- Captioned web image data
★ ★ ★ ★ ★
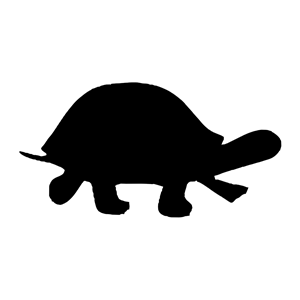 300x300 Turtle Clipart Shadow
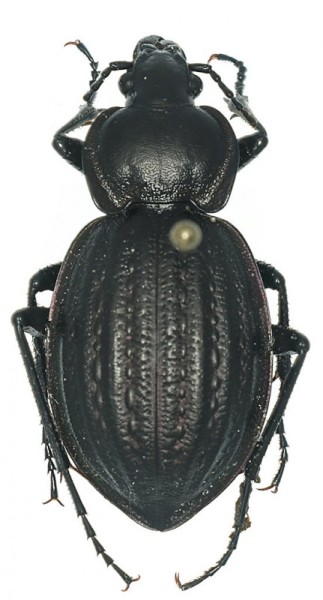 Carabus_Korbous.jpg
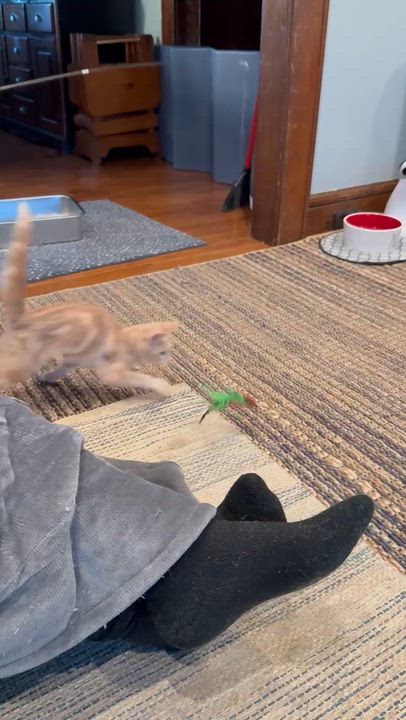 Enlarge Wimbly, an adopted Domestic Short Hair in Cranford, NJ video 3/6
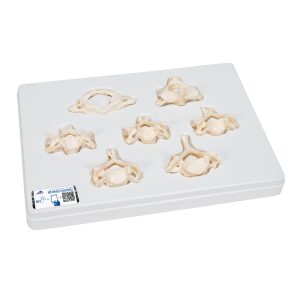 Set van 7 losse cervicale wervels, BONElike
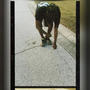 Goin wit da flow (Explicit)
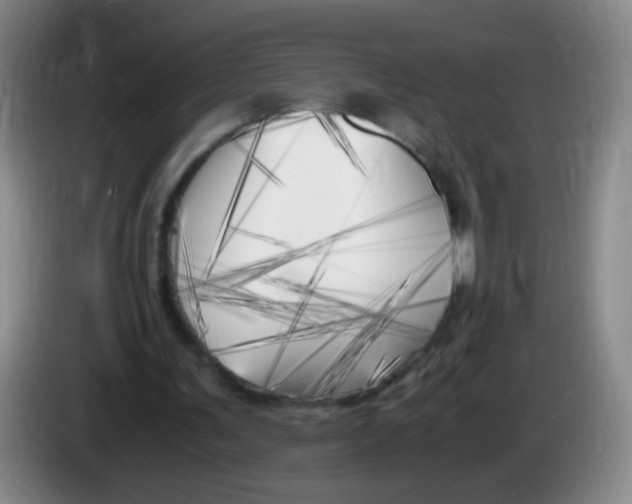 X0000083980291200703091830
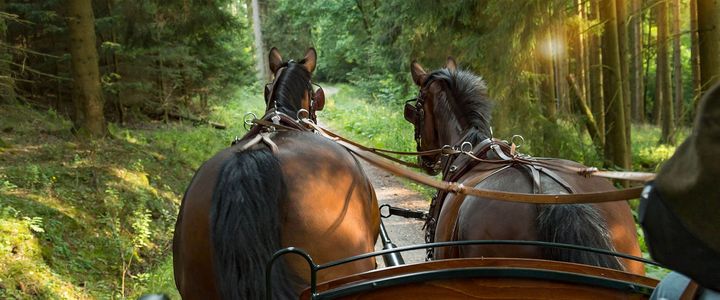 Waldspaziergang mit Pferdekutsche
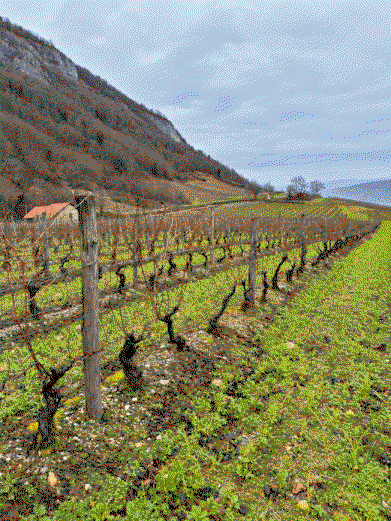 Domaine Bärtschi 3-Pack | Manicle Cru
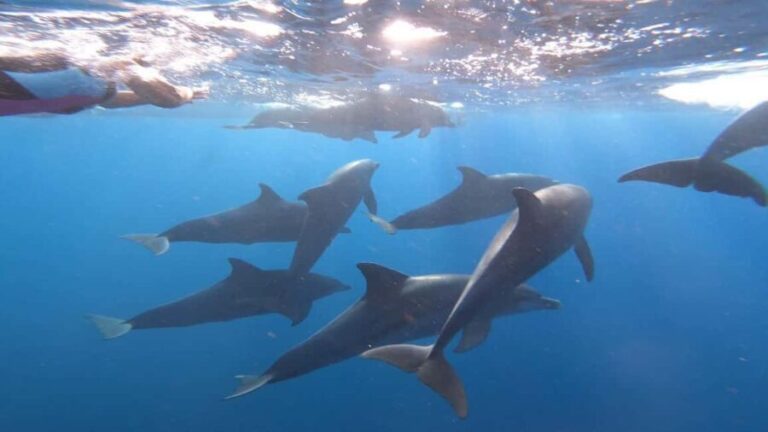 swimming with dolphin in kizimkazi zanzibar - What’s Unique About This Tour?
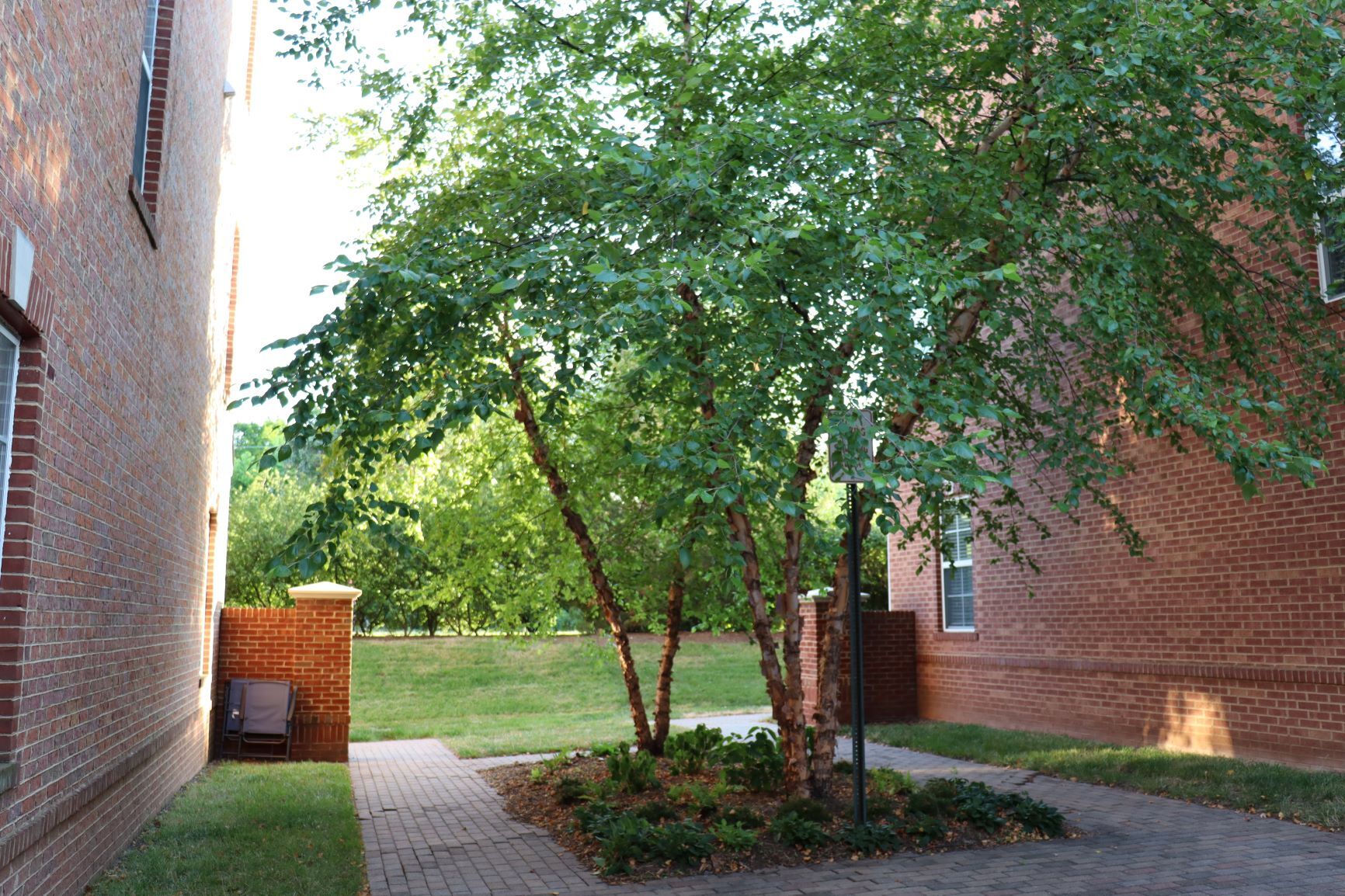 Open space between units - 222 Herndon Station Sq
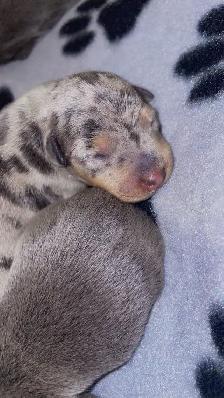 Two adorable Miniature Pinscher litters available - Photo 2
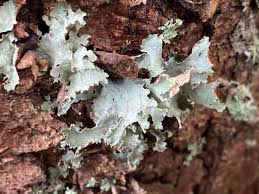 Attēlu rezultāti vaicājumam “Platismatia glauca”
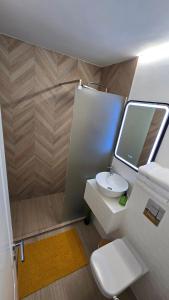 a small bathroom with a toilet and a shower at AVS Concept Obor in Bucharest +15 photos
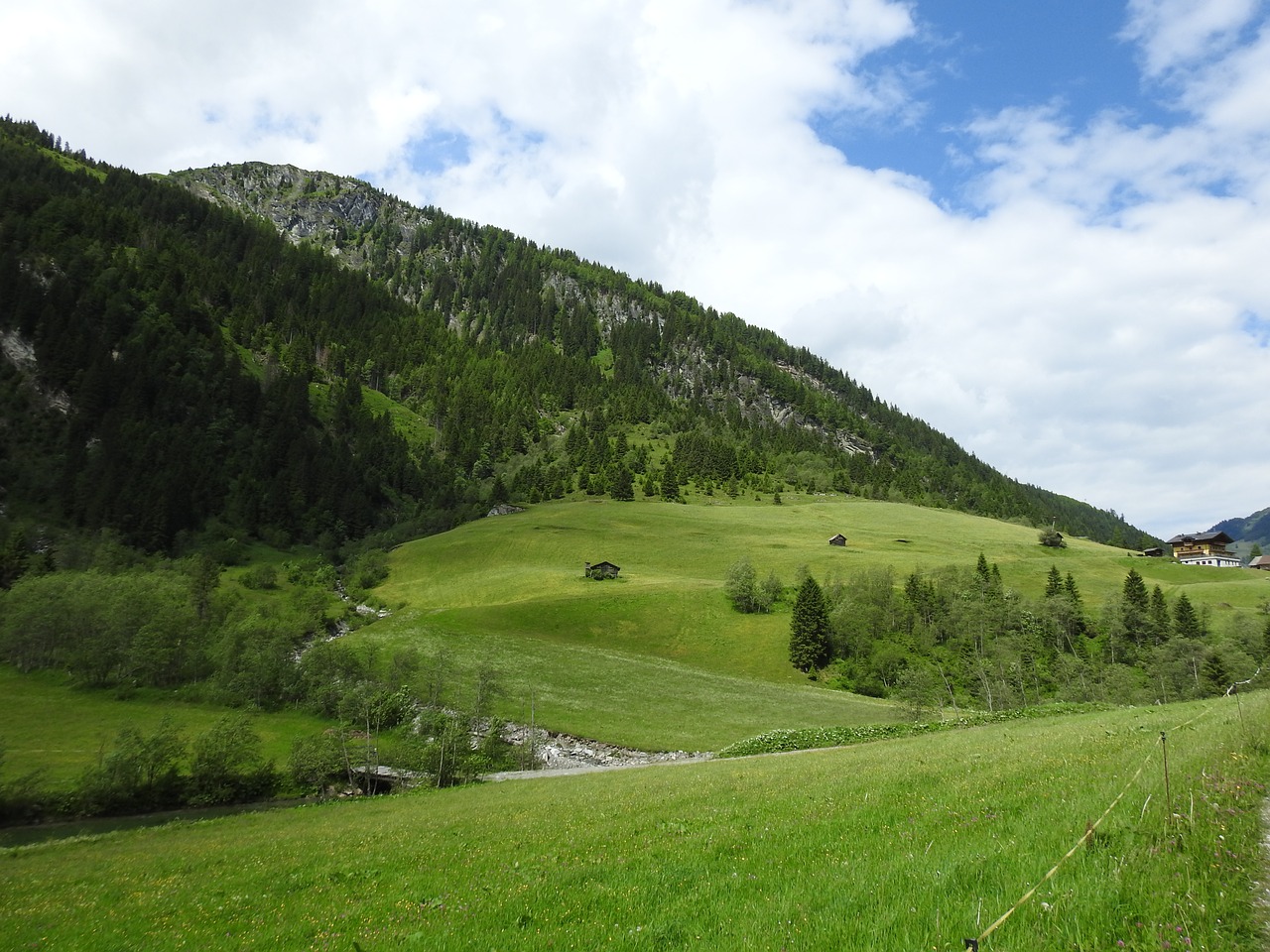 Austria, Kalnai, Pieva, Miškas, Gamta, Kraštovaizdis, Salzburg, Nemokamos Nuotraukos,  Nemokama Licenzija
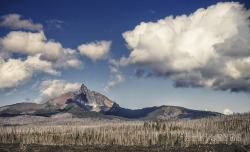 &ldquo;Mt Washington&rdquo; as seen from the McKenzie Highway, OR-jerrysEYES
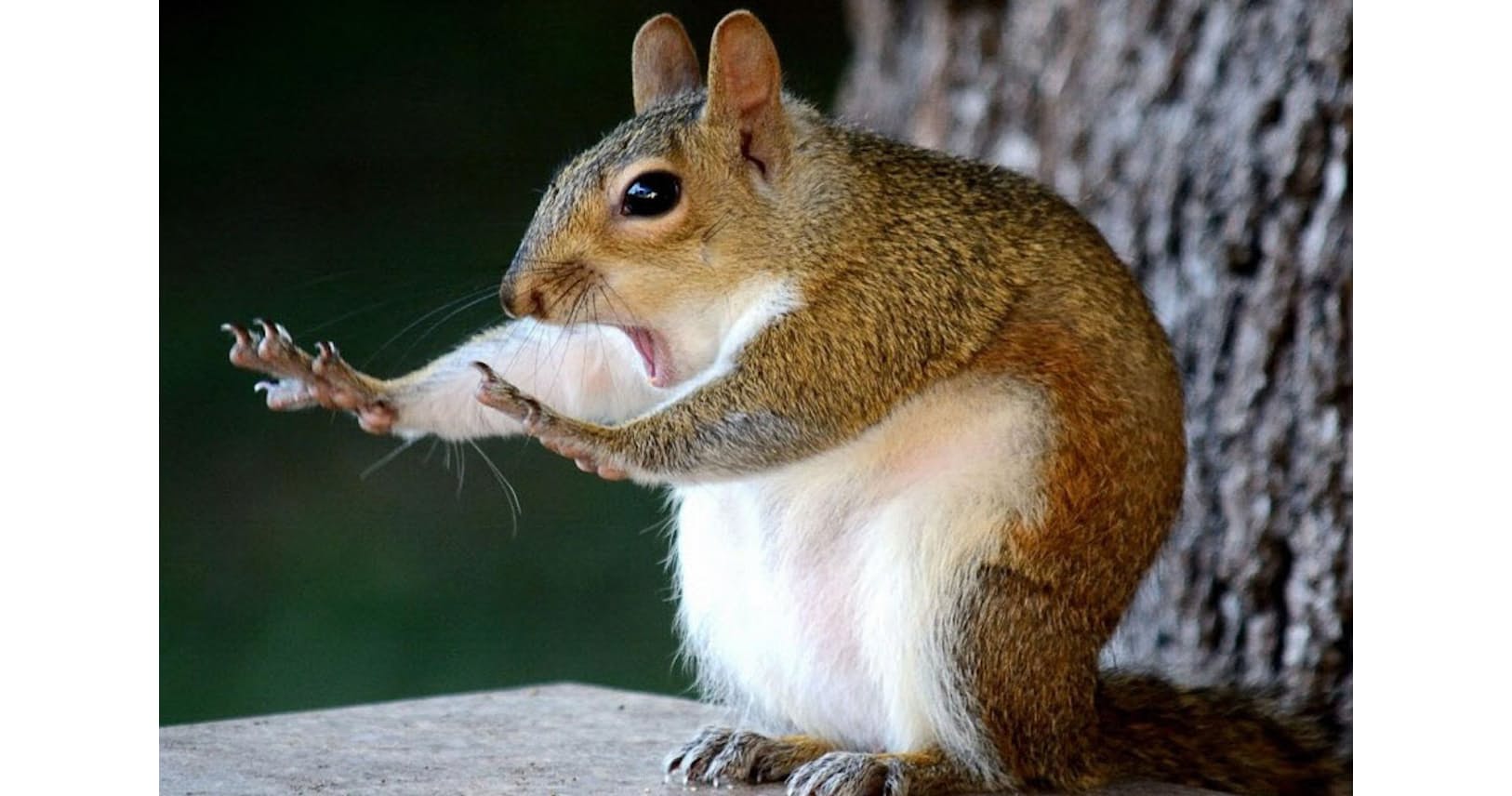 思わずお題を付けたくなる 笑撃の野生動物写真 Nikkei Style 思わずお題を付けたくなる 笑撃の野生動物写真 Nikkei Style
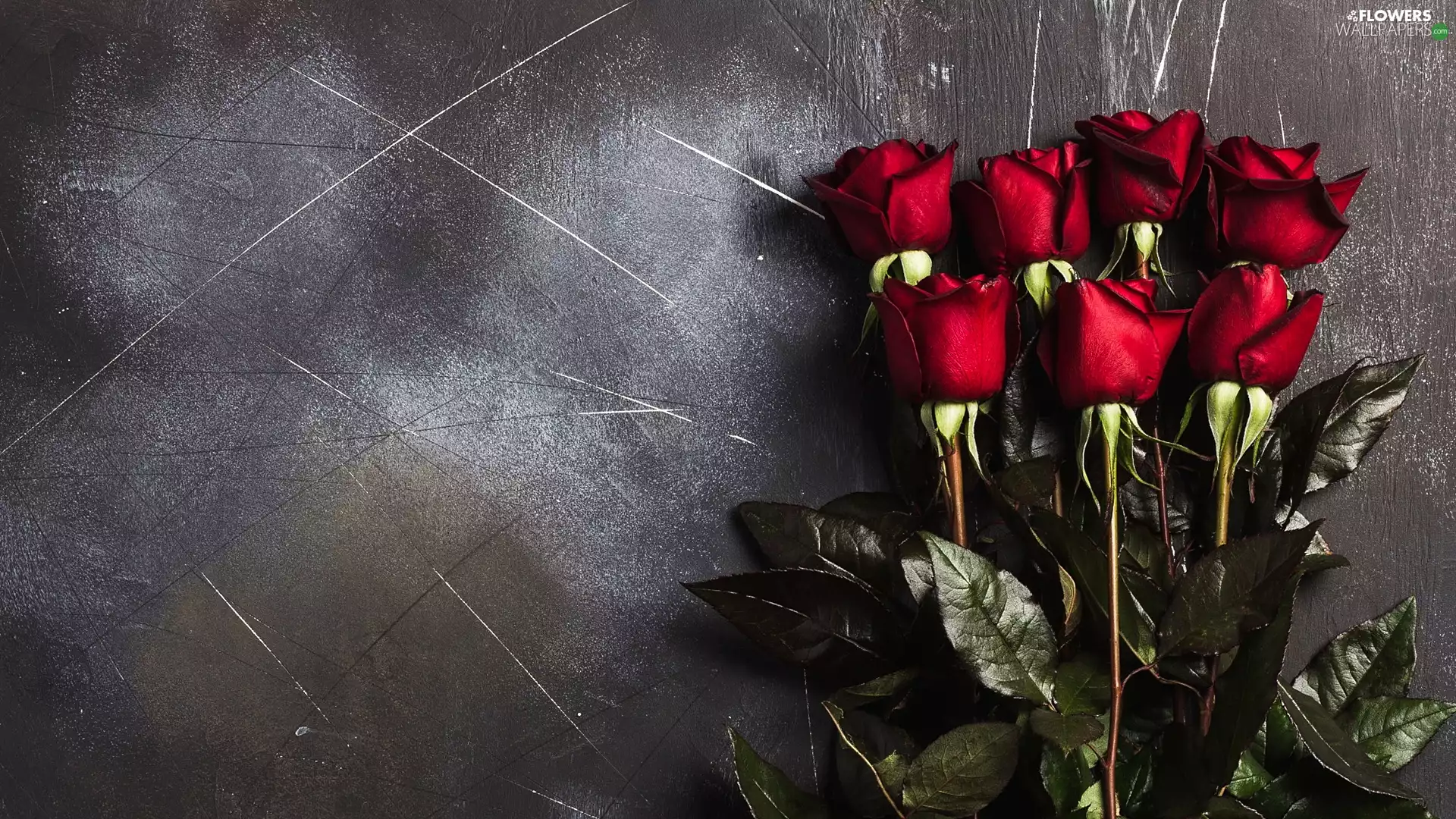 Red, Grey, background, roses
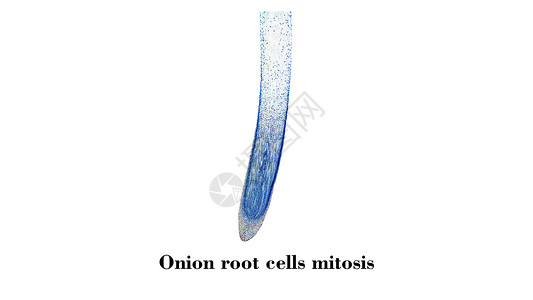 细胞分裂显微图科学宏观植被幻灯片照片显微镜洋葱根尖显微微图背景图片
★ ★ ★ ★ ★
- WORK ITEM
Without including any picture, set down every line above exactly as it stands.

- REPLY TO THE TASK
 300x300 Turtle Clipart Shadow
 Carabus_Korbous.jpg
 Enlarge Wimbly, an adopted Domestic Short Hair in Cranford, NJ video 3/6
 Set van 7 losse cervicale wervels, BONElike
 Goin wit da flow (Explicit)
 X0000083980291200703091830
 Waldspaziergang mit Pferdekutsche
 Domaine Bärtschi 3-Pack | Manicle Cru
 swimming with dolphin in kizimkazi zanzibar - What’s Unique About This Tour?
 Open space between units - 222 Herndon Station Sq
 Two adorable Miniature Pinscher litters available - Photo 2
 Attēlu rezultāti vaicājumam “Platismatia glauca”
 a small bathroom with a toilet and a shower at AVS Concept Obor in Bucharest +15 photos
 Austria, Kalnai, Pieva, Miškas, Gamta, Kraštovaizdis, Salzburg, Nemokamos Nuotraukos,  Nemokama Licenzija
 &ldquo;Mt Washington&rdquo; as seen from the McKenzie Highway, OR-jerrysEYES
 思わずお題を付けたくなる 笑撃の野生動物写真 Nikkei Style 思わずお題を付けたくなる 笑撃の野生動物写真 Nikkei Style
 Red, Grey, background, roses
 细胞分裂显微图科学宏观植被幻灯片照片显微镜洋葱根尖显微微图背景图片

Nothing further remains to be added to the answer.